Des "services sanitaires" pour permettre l’éducation à la santé dans les écoles par des étudiants

Au niveau du travail sur l’attractivité du métier, les ministres ont confirmé que des stages avaient été ouverts en médecine scolaire en sortie d’internat. Par ailleurs, se développe un "service sanitaire", pour que "des étudiants aillent faire la promotion et l’éducation à la santé, voire du repérage et de la prévention dans les écoles", indique Jean-Michel Blanquer.

Les parcours éducatifs de santé, instaurés sous l’ancien ministère, doivent également être "améliorés", en encourageant notamment la contractualisation entre les rectorats et les ARS (agences régionales de santé), pour "permettre un déploiement plus homogène sur le territoire", indique de son côté Agnès Buzyn.

Possibilité de petit-déjeuner dans tous les établissements ?

Concernant la lutte contre la malnutrition, Agnès Buzyn confirme que le gouvernement envisage de légiférer pour "favoriser la tarification sociale dans les cantines" et "inciter" les collectivités "à harmoniser les pratiques" en la matière. Celle-ci souhaite aussi "étendre" un système de restauration qui proposera dans tous les établissements un petit-déjeuner, dispositif déjà mis en place dans certains établissements. Un "moment" qui "pourrait être financé par l’État".
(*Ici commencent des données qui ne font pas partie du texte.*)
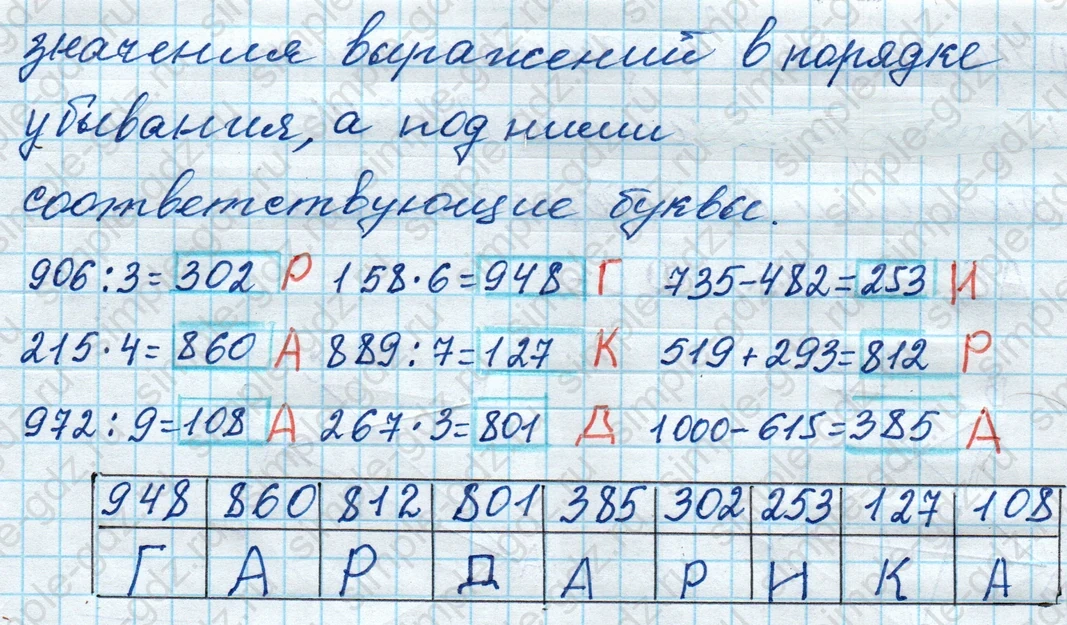 matematika class-4 Математика 4 класс рабочая тетрадь Дорофеев, Миракова часть 1 и 2 - 1 Часть страница 15 ответ № 11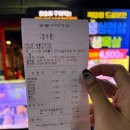 주안역 버스승강장 | 인하대 후문 맛집 ‘숯불구이먹방’ 삼겹살 우삼겹 양념갈비 무한리필 내돈내산 인천 가성비 고기집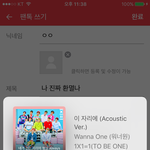 [워너원] 나 진짜 환멸나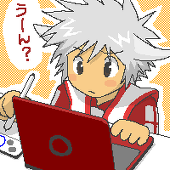 ユキナリ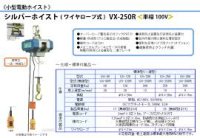 VX-250R シルバーホイスト  富士製作所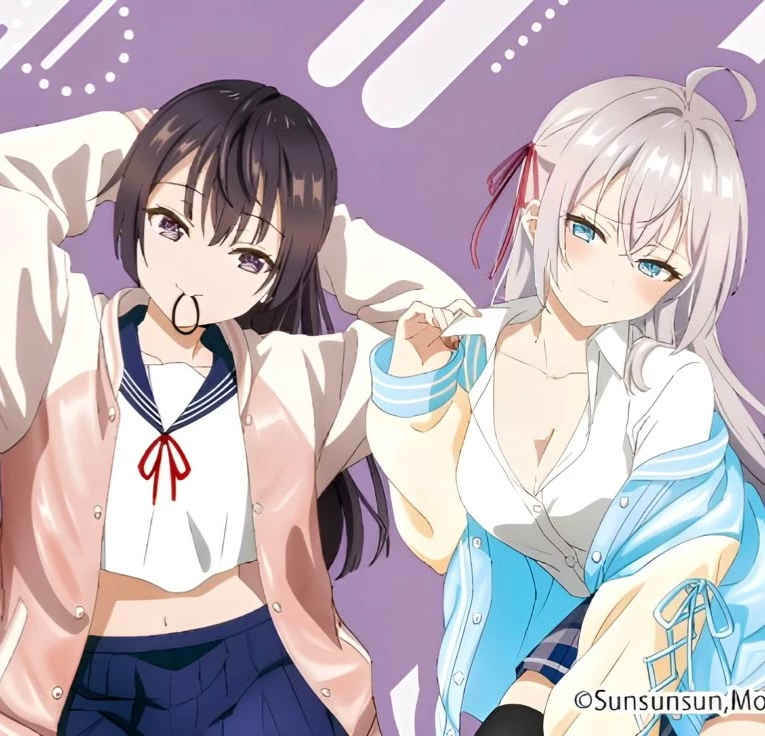 Alya e Yuki thumbnail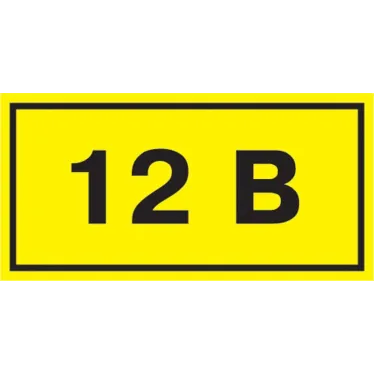Знак безопасности 12В 40х20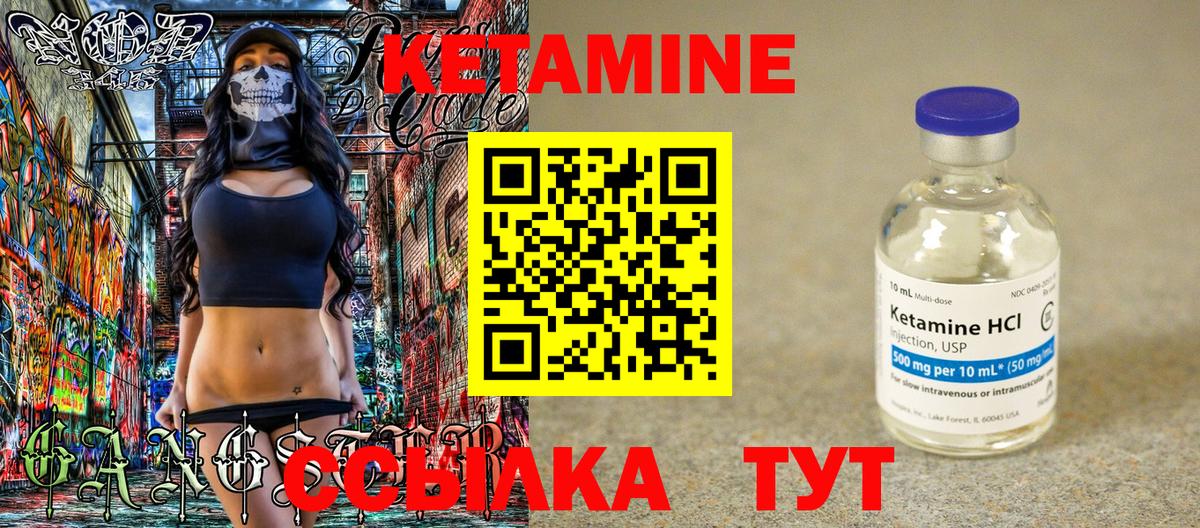 КЕТАМИН VHQ  Вход с VPN  Кетамин VHQ  Корсаков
Le ministre de l’Éducation nationale a de son côté présenté les mesures mises en place et à venir pour lutter contre cette pauvreté au sein même de l’école, ce qui suppose d’avoir une "vision complète de l’école", donc de travailler sur "un continuum" et sur plusieurs mesures. D’abord les CP dédoublés qui concerneront 7500 classes à la rentrée 2018 et 340 000 enfants chaque année à partir de 2019, "soit entre 15 et 20 % d’une génération". Le ministre a aussi fait un point sur la mesure "devoirs faits", lancée à l’automne 2017, pour laquelle 200 millions d’euros sont inscrits dans le budget. Selon Jean-Michel Blanquer, celle-ci est proposée aujourd’hui "systématiquement dans tous les collèges de France". Ces mesures sont complétées par un "travail sur l’accompagnement lors de classes charnières", entre le CM2 et la 6e, et entre la 3e et la 2nde, notamment au travers des stages gratuits proposés pendant les vacances. 15 millions d’euros avaient été fléchés pour ces stages en 2017, 35 millions sont programmés sur le budget 2018, indique-t-il. À ces mesures, s’ajoute la préparation du plan internat "qui permettra d’ouvrir des milliers de lits supplémentaires" et donc également "d’apporter des solutions intégrales".
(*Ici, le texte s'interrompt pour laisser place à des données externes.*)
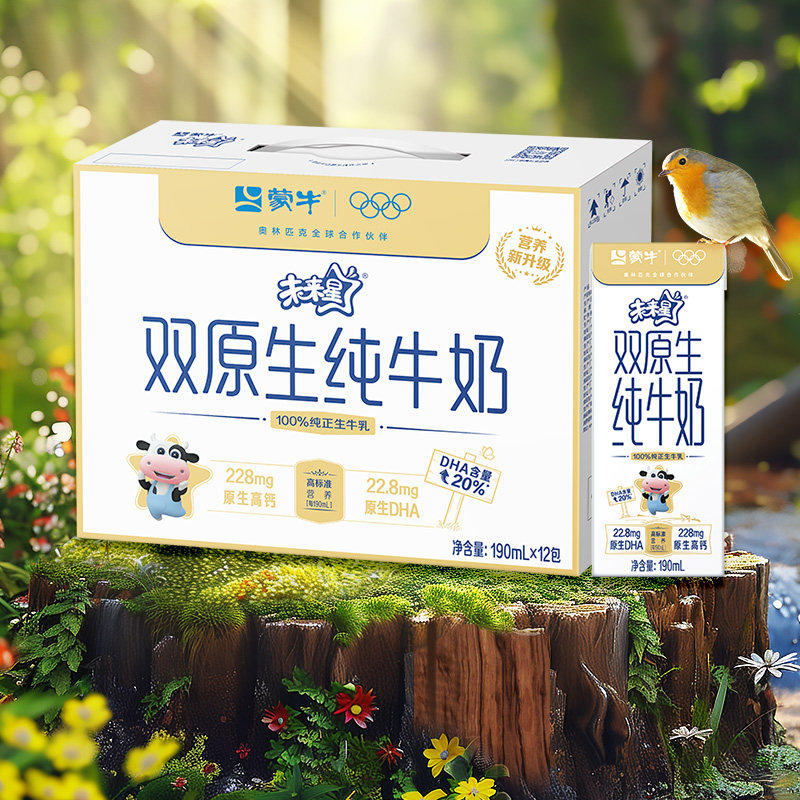 【热卖】蒙牛未来星双原生DHA纯牛奶190ml*12包早餐营养纯牛奶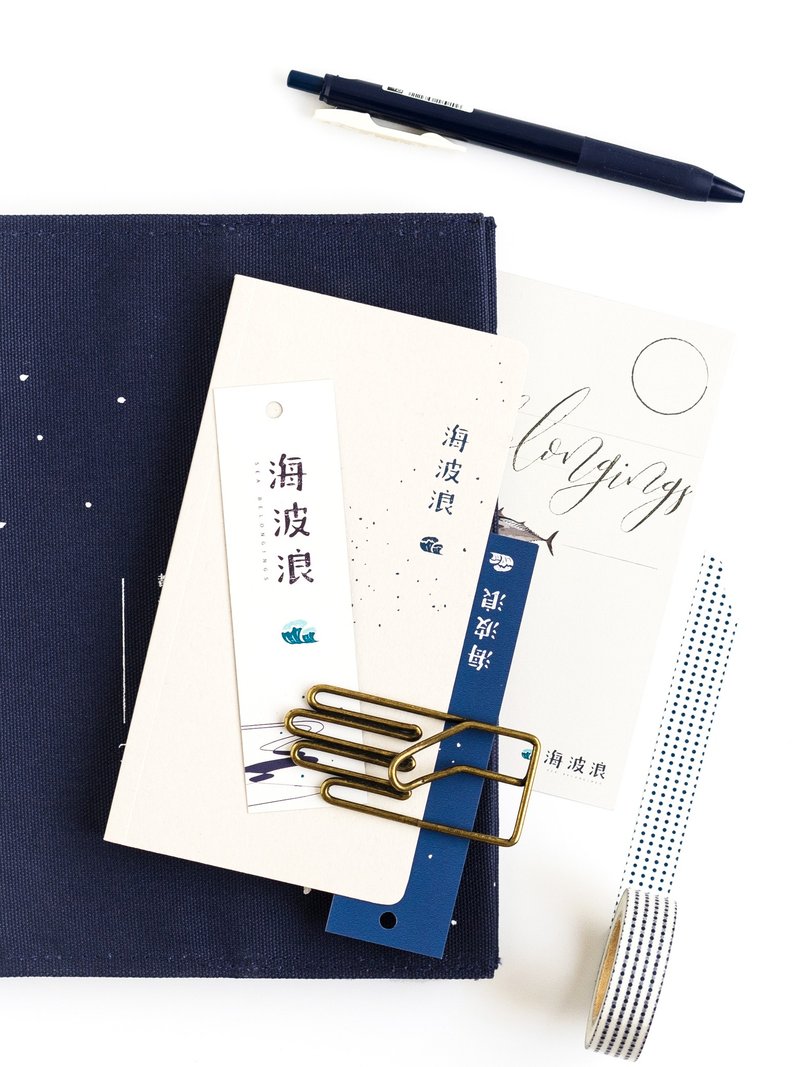 海波浪 海洋印象 书签 潮上沫 - 书签 - 纸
Interrogé à nouveau sur une éventuelle généralisation de l’uniforme à l’école, qui pourrait être, selon certains députés, "un moyen de lutter contre les inégalités visibles", le ministre n’y est pas favorable, compte tenu de "la société française telle qu’elle est aujourd’hui". En revanche, le port de l’uniforme sera permis dans les territoires où cela fera "consensus".
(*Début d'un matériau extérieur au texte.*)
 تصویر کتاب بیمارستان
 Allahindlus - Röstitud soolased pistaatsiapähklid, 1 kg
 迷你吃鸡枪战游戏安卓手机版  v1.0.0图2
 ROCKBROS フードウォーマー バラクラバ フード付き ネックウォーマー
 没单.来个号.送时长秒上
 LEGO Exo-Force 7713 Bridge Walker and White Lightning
Aller chercher via les données numériques les personnes éligibles aux prestations sociales

Les PMI sont aussi "un vrai sujet", estime Agnès Buzyn. Alors que le dispositif fonctionne de manière "très hétérogène" sur le territoire, un travail devrait être mené pour redéfinir et cadrer leurs missions, notamment au constat de la "perte d’attractivité" des postes de médecins, à qui l’on donne, selon elle, beaucoup trop de "missions normatives", notamment de contrôle de crèches.

Concernant la lutte contre le non-recours aux prestations, Agnès Buzyn évoque l’idée d’utiliser les données numériques pour "aller chercher par ce biais" les personnes éligibles.

Elle annonce aussi le travail "en cours" d’une mission concernant la question de mineurs non accompagnés (MNA). Celle-ci devra préciser "le rôle de l’État", c’est-à-dire les moyens financiers et humains qu’il devra attribuer aux Départements pour l’accompagnement des MNA.